DATA BELOW »
+ + +

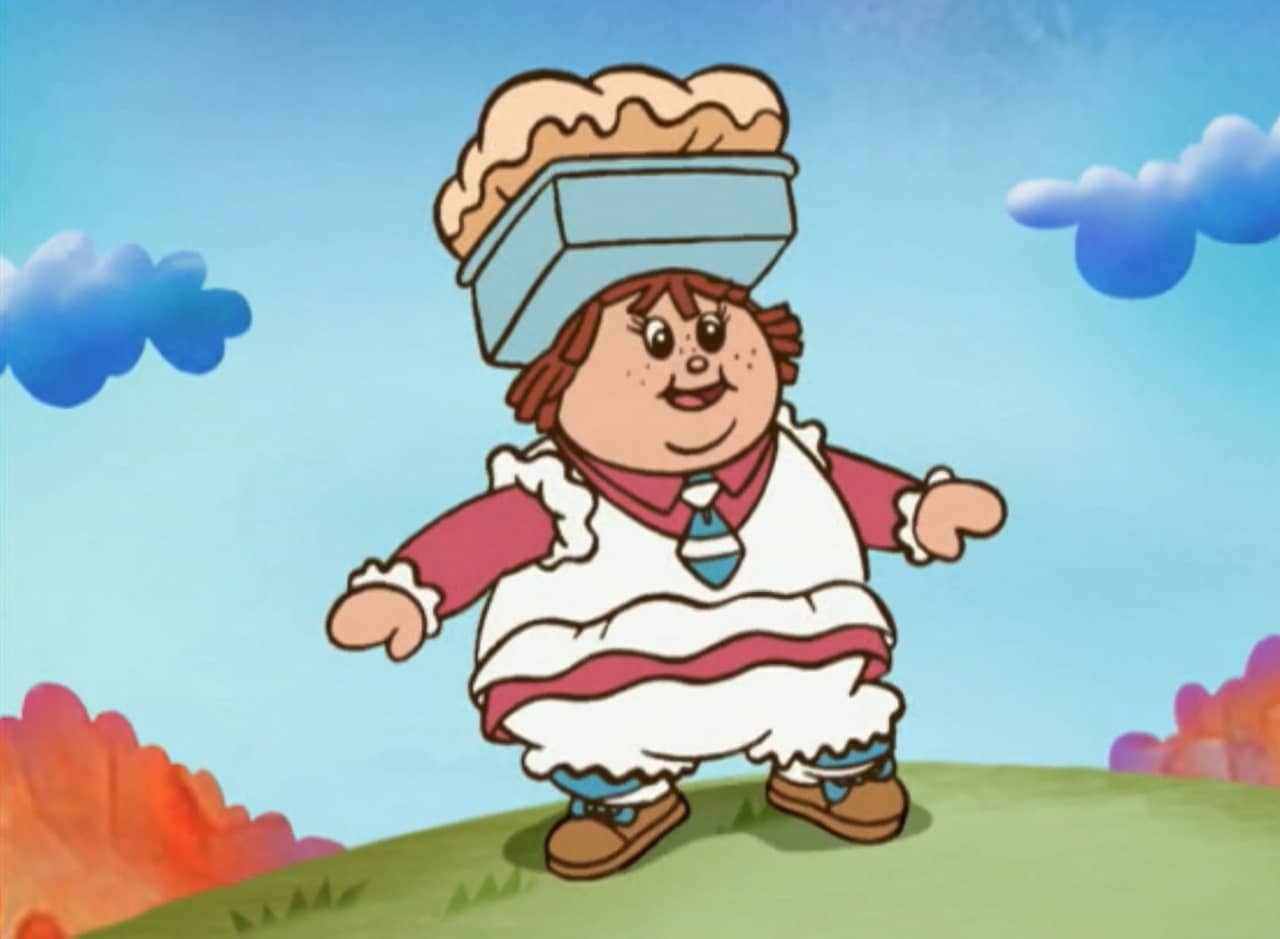 Paula Poundcake, a round girl with red hair and a pound cake hat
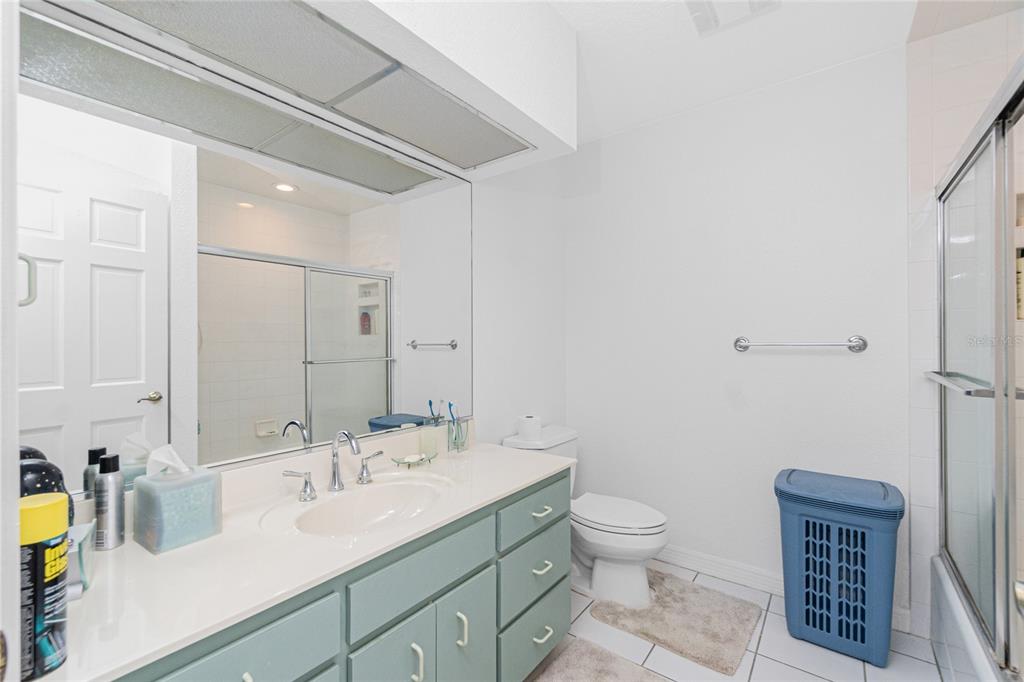 202 George Road Southeast Port Charlotte, FL 33952 - Photo 52 of 100 a bathroom with a granite countertop sink a toilet and a mirror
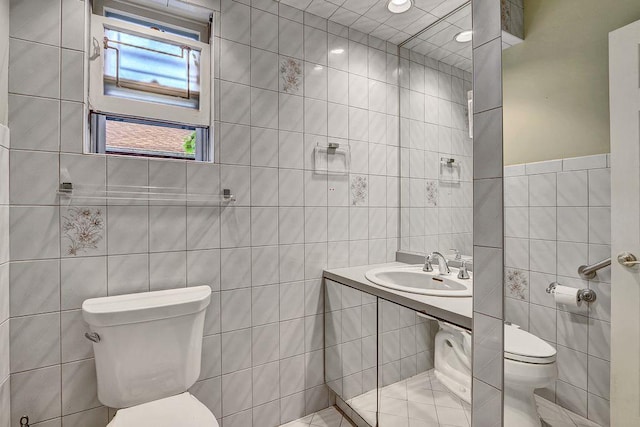 313 Pine St, Freeport, NY 11520 - bathroom featuring toilet and tile walls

+ + +

TASK REQUIREMENTS » The output should hold only the lines from the one containing "202 George Road" through the last line of the listing, reproduced exactly, pictures omitted.

SOLUTION FOR THIS TASK »
 202 George Road Southeast Port Charlotte, FL 33952 - Photo 52 of 100 a bathroom with a granite countertop sink a toilet and a mirror
 313 Pine St, Freeport, NY 11520 - bathroom featuring toilet and tile walls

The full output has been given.